World Ploughing Championships4 min read Ireland · Photography · Rural Issues
Two weekends ago we headed to the World Ploughing Championships in Tullow, County Carlow, about 1.5 hours north of here. It was a 4-day long event, with the Irish Ploughing Championship the first two days and then the World Championship. In addition to the plowing, it was a big farm show along the lines of our Farm Technology Days. Let me say that it’s a really big show. Over the four days they had a total attendance of around 220,000 people. It was held on a 230 acre farm, which is very large by Irish standards (average farm size in Ireland is about 80 acres).
Our friend Willie scored us tickets to the event, along with a coupon for a free steak sandwich for lunch (thanks Willie!). He also advised Kathleen “Be sure to wear your rain gear and Wellies!”. We headed out for the show on Saturday morning in a pouring rain, minus our rain gear and Wellies. Neither Kathleen or I owned decent rain gear in the States, so we moved to Ireland, average rainfall nearly 40”, without rain gear.

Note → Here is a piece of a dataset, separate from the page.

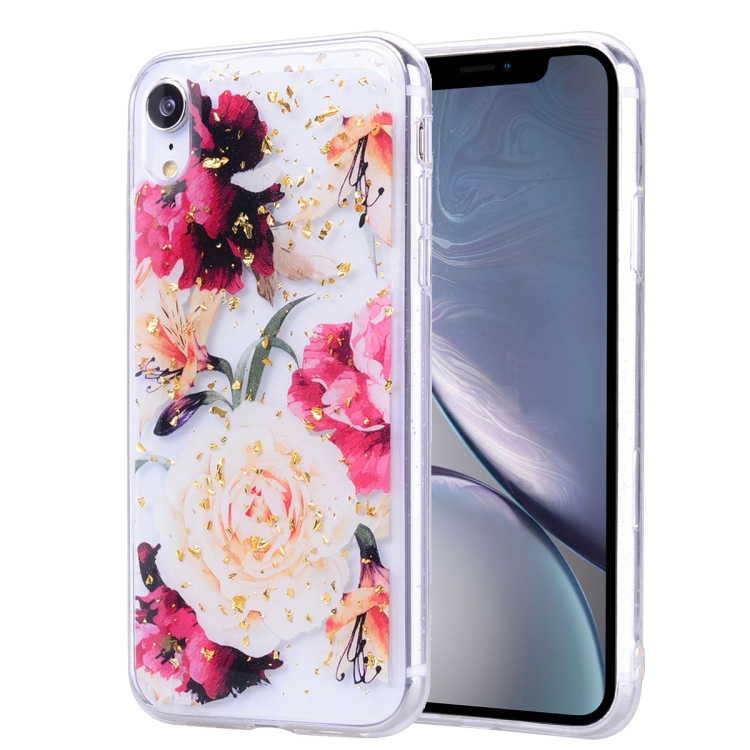 

Gold Foil Style Dropping Glue TPU Soft Protective Case for iPhone XR(Flower)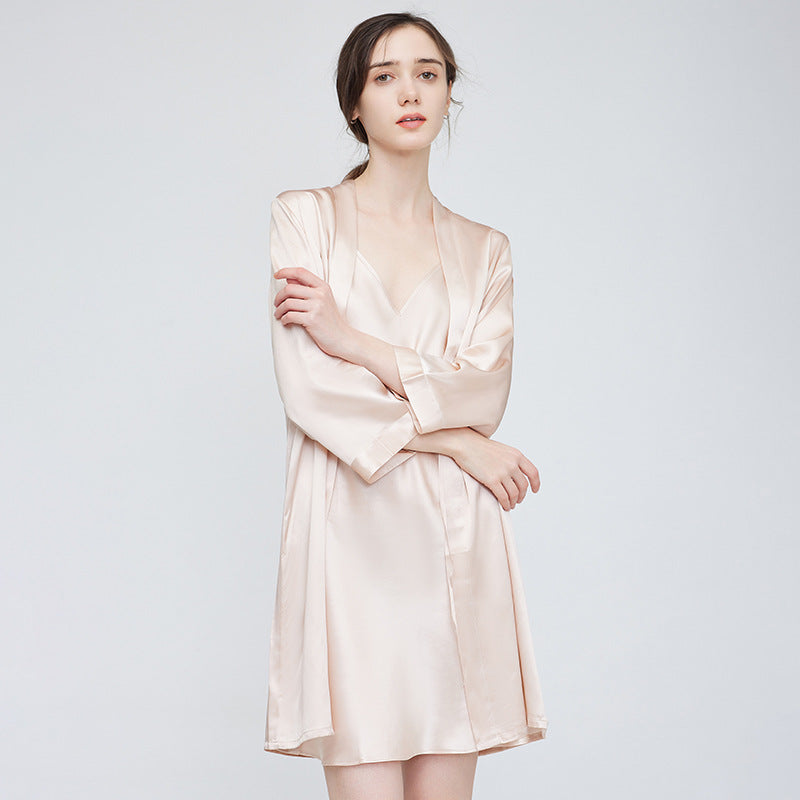 Women's Luxe Silk Slip Nightdress - 100% Pure Silk with V-Neck and Adjustable Spaghetti Straps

In a last-minute packing switch-up, Kathleen’s hiking boots didn’t make the trip either. So, she in tennis shoes, both toting umbrellas, we decided to brave the weather for our once-only shot at seeing the show. I was certain we’d be able to get rain gear at the show, but if not it was going to be a long day!

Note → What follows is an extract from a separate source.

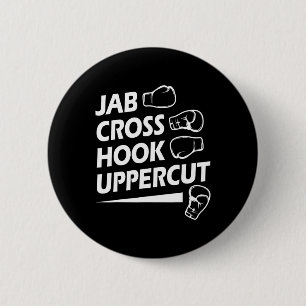 Boxing Sport Jab Cross Hook Uppercut Boxer Birthda Button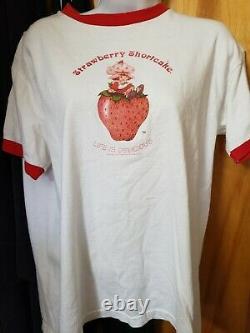 Vintage Strawberry Shortcake Ringer T Shirt 90s Rare Life Is Delicious Sz XL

On the drive up we were listening to a morning radio show where the DJ was playing requests. It seemed like every other request was for someone “Driving to the Ploughing Championships in Co. Carlow,” so we knew we’d have plenty of company. We hit the traffic jam probably 8 miles before we got to the site. From there it was stop-and-go traffic for nearly an hour as we followed the Gardai’s (police) traffic directors. We were directed into a farm field with aspirations of being a swamp, and were directed along the high ground to a parking spot at the end of the field, with the show nowhere in sight. Much of the field was being used for parking only by 4-wheel drive vehicles, rightfully so. After a 1⁄2 mile walk, we spotted the show and the drop-off point for tractors shutting people over to the show. A short ride in a modified manure spreader and we finally hit the show gate. To our relief, right inside the gate was a tent selling rain gear and boots, and like you often see at shows like this, they had special sales going for the show. I picked up a nice oilskin jacket, and Kathleen got a nylon rain jacket and a pair of Wellies (rubber barn boots). Waterproof shoes were the key to enjoying the show, because as you can see from the pics below, much of the show was covered in 6-inch deep mud puddles.

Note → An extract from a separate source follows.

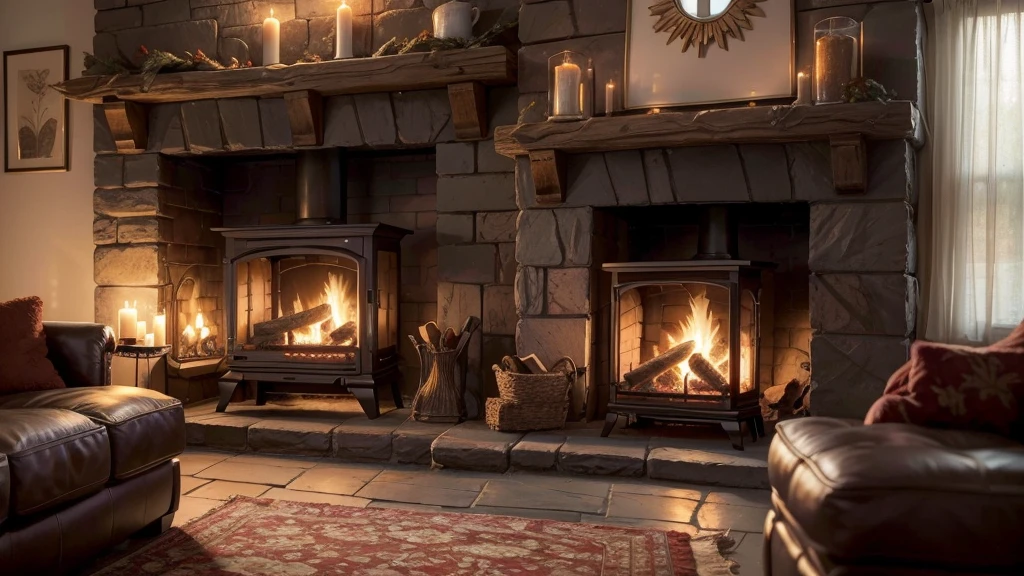 A close-up photorealistic image of a cozy crackling fireplace with warm, inviting lighting. The fire should be the main focus, with dancing flames, glowing embers, and wisps of smoke. The fireplace itself should be made of stone or brick, with a rustic and timeworn appearance. Use warm tones and high contrast to create a cozy and inviting atmosphere.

We arrived on the show grounds around 10 in the morning, and ended up staying til almost 3 in the afternoon. Even with that amount of time, we didn’t even come close to seeing everything. One of our big disappointments was never finding the “JCB Dancing Diggers” show, a dance/ballet show done with backhoes. You can see some video here, it’s really quite impressive. I was really surprised to see an investment property exhibition with over 50 exhibitors selling property in other countries. That seems to be a big thing here. There apparently are tax reasons to own property in other countries, so many people own weekend or vacation homes elsewhere in the world.
The show was a really good opportunity for us to learn a lot about rural Ireland in one fell swoop. I got a good picture of all the government agencies and non-profit organizations that are doing work in rural Ireland, which of course is something I want to explore while we’re here. We had a chance to visit the tents of several political parties here, including Sinn Fein, Fianna Foil and Fine Gael. And finally, we had a chance to sample a lot of good homemade Irish food, like cheese and pastries. There was even a Guiness tent on the grounds, though we didn’t stop in.